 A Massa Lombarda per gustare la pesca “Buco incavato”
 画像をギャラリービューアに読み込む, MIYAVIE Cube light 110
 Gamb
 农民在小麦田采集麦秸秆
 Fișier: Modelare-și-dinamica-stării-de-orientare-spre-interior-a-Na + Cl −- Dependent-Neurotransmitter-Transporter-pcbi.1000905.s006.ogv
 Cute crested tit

* * *

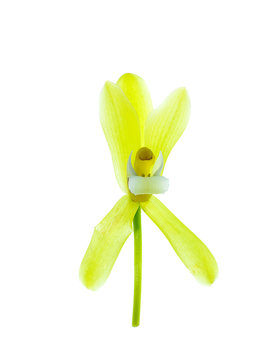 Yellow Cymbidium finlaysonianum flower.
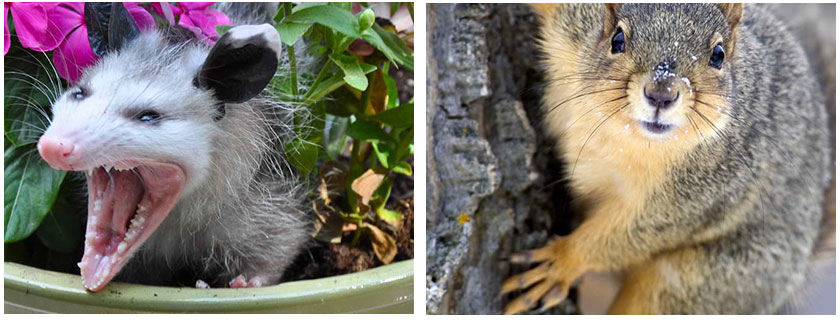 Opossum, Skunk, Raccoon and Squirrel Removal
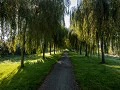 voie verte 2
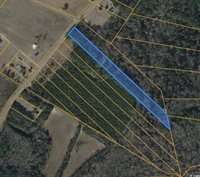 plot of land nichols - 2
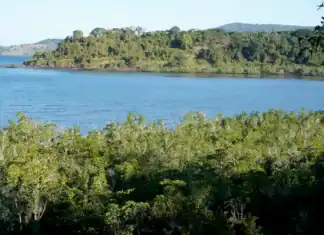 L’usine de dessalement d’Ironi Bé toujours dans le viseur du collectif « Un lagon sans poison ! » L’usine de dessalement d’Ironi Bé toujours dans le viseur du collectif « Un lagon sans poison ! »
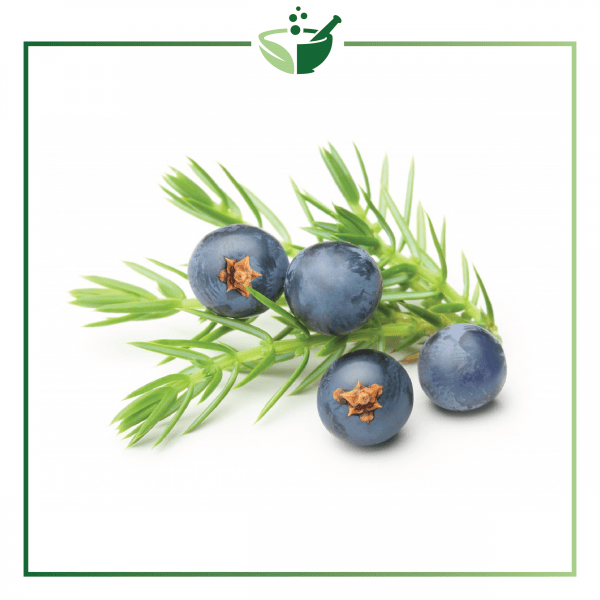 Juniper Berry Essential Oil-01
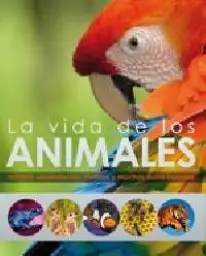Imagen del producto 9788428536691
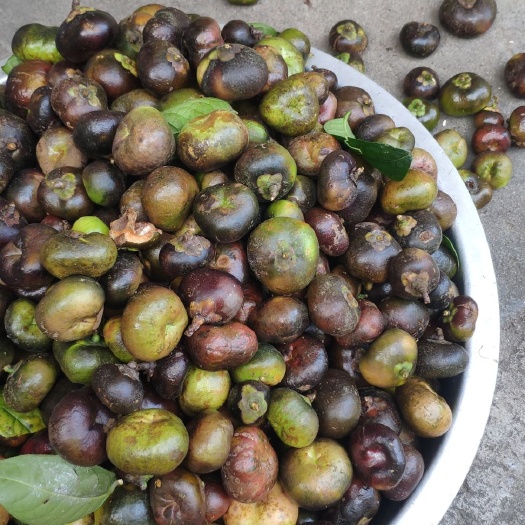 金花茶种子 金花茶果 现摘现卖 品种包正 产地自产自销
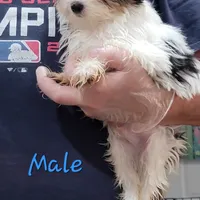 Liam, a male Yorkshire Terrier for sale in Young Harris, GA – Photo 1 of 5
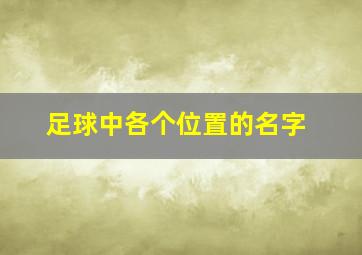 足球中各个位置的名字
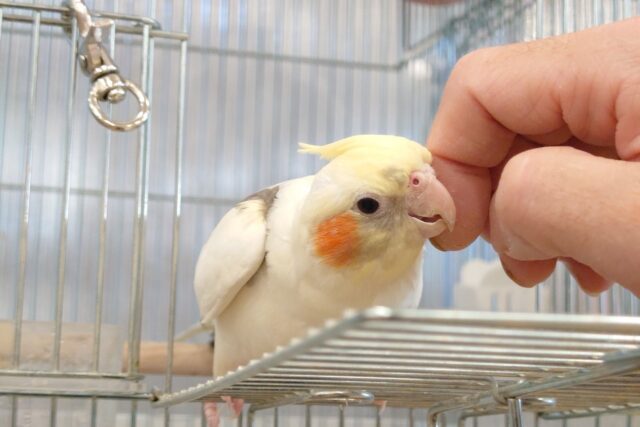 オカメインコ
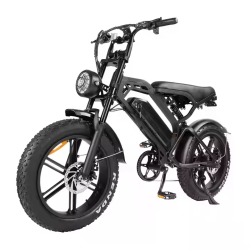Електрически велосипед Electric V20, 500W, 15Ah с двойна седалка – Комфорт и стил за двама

• [DIRECTIONS FOR THIS TASK]
Using the data above, output the line that has "Yellow Cymbidium finlaysonianum flower.", the line that has "Imagen del producto 9788428536691", and whatever lines fall between, each exactly as it stands and without pictures.

• [ANSWER]
 Yellow Cymbidium finlaysonianum flower.
 Opossum, Skunk, Raccoon and Squirrel Removal
 voie verte 2
 plot of land nichols - 2
 L’usine de dessalement d’Ironi Bé toujours dans le viseur du collectif « Un lagon sans poison ! » L’usine de dessalement d’Ironi Bé toujours dans le viseur du collectif « Un lagon sans poison ! »
 Juniper Berry Essential Oil-01
Imagen del producto 9788428536691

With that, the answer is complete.